A 61 kg skier speeds down a trail, as shown below. The surface is smooth and inclined at an angle of theta = 18 degrees with the horizontal.
a. Draw a free-body diagram for the skier. (Explain how would you draw something like this?)
b. Calculate the normal force on the skier.
c. Assuming that the snow is frictionless, calculate the acceleration of the skier.
2007-11-19 15:19:36 · 1 answers · asked by nirmal 1 in Science & Mathematics ➔ Physics
Please show/explain all work clearly please.
2007-11-19 15:21:57 · update #1
(a) To draw a free-body diagram, you need to identify all of the forces on the object. These come in two flavors: forces from things that are touching the object (contact forces) and forces from things that are NOT touching the object (field forces).
You've only met one field force; that's gravity. So gravity puts a force mg on the object, directed towards the center of the Earth.
The skier is in contact with the ground, so there's one contact force. If the contact is with a surface, this force is usually expressed in two components; perpendicular to the contact surface (the "normal" force - normal simply means "perpendicular") and the component parallel to the surface (created by friction). You're told that the snow is frictionless, so the contact force has only a normal (or perpendicular) component.
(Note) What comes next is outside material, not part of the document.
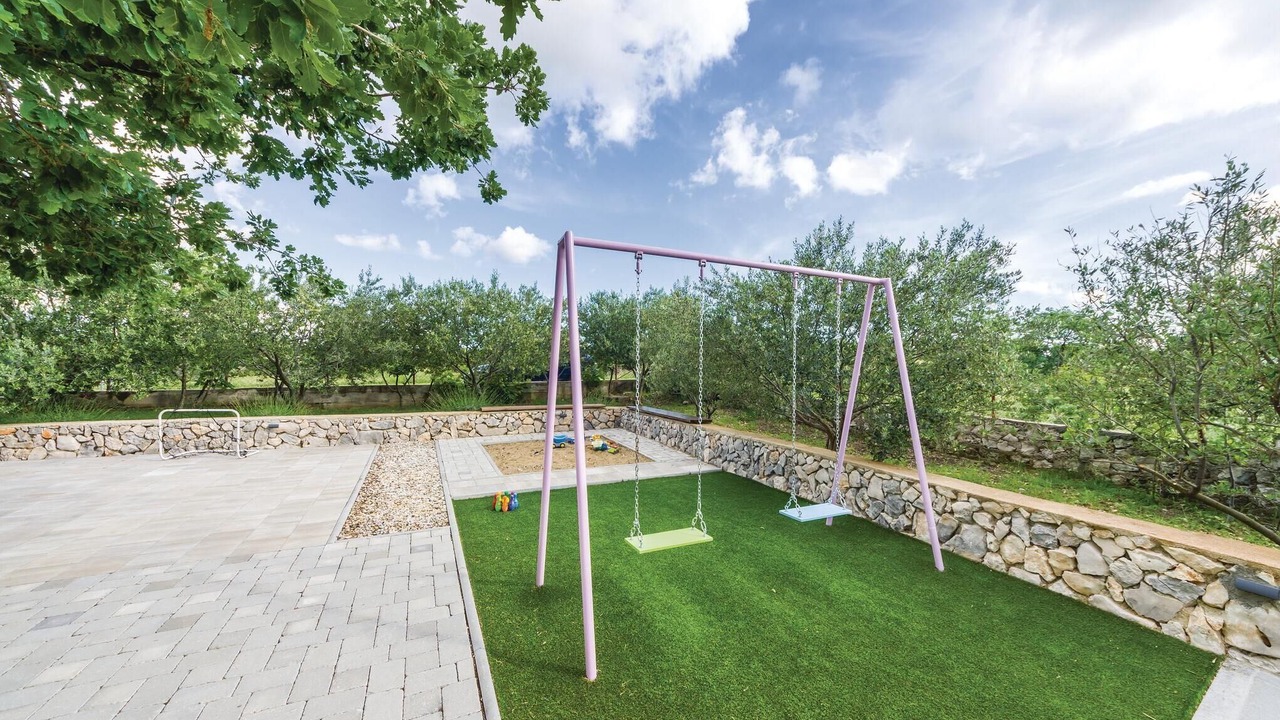 Photo of Outdoor in Tinj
So your free-body diagram will have two arrows: one pointing down, with magnitude mg, and the other pointing 18 degrees from the vertical (that is, perpendicular to the surface) with magnitude N.
(b) Apply a Cartesian coordinate system to your free-body diagram. Align the x axis with the slope, so your coordinate system is tilted. We'll call the direction perpendicular to the surface "up" even though it's not truly up.
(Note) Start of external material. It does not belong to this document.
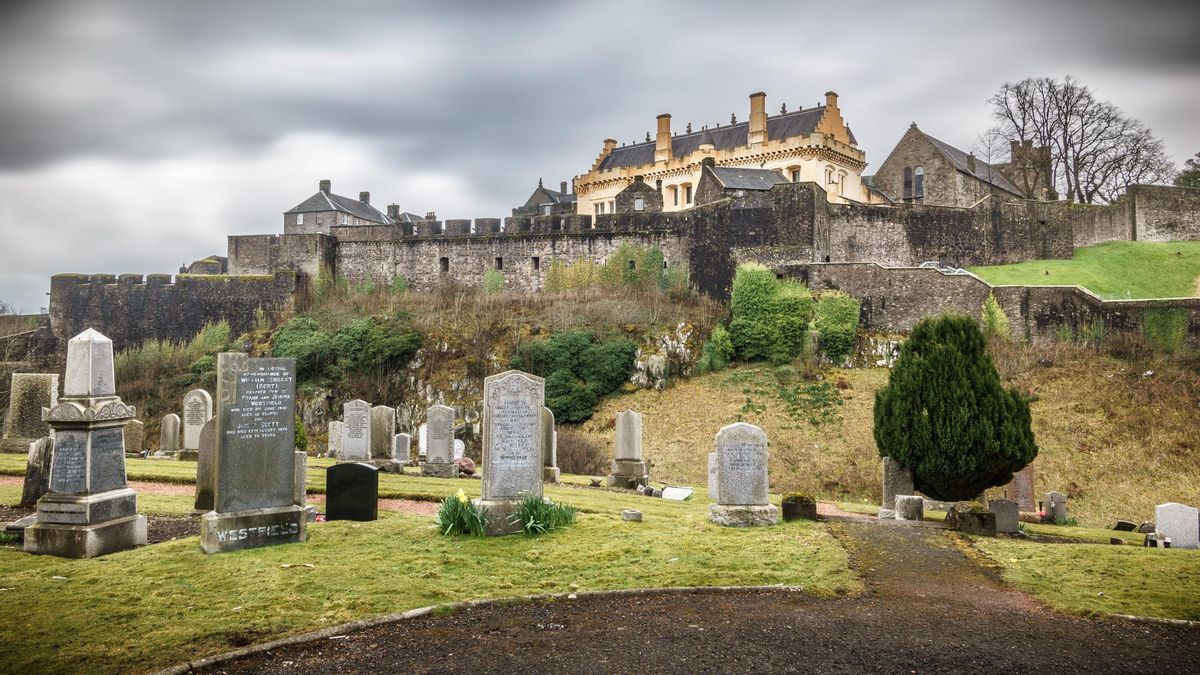 El Castillo de Stirling desde su cementerio histórico.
You have two contributions to the net "vertical" force: the normal force (up) and a component of gravity, mg cos 18, down. There's no net acceleration (and no net force) in this dimension. So Newton's Second Law in this dimension is
F = 0 = N - mg cos 18
Plug in m, g, and cos 18 and solve for N.
In the "horizontal" dimension, you have but one force: mg sin 18. So Newton's Second Law for this dimension is
F = ma = mg sin 18
ma = mg sin 18
a = g sin 18
Plug in g and sin 18 to get the downhill acceleration.
2007-11-19 15:32:04 · answer #1 · answered by jgoulden 7 · 0⤊ 0⤋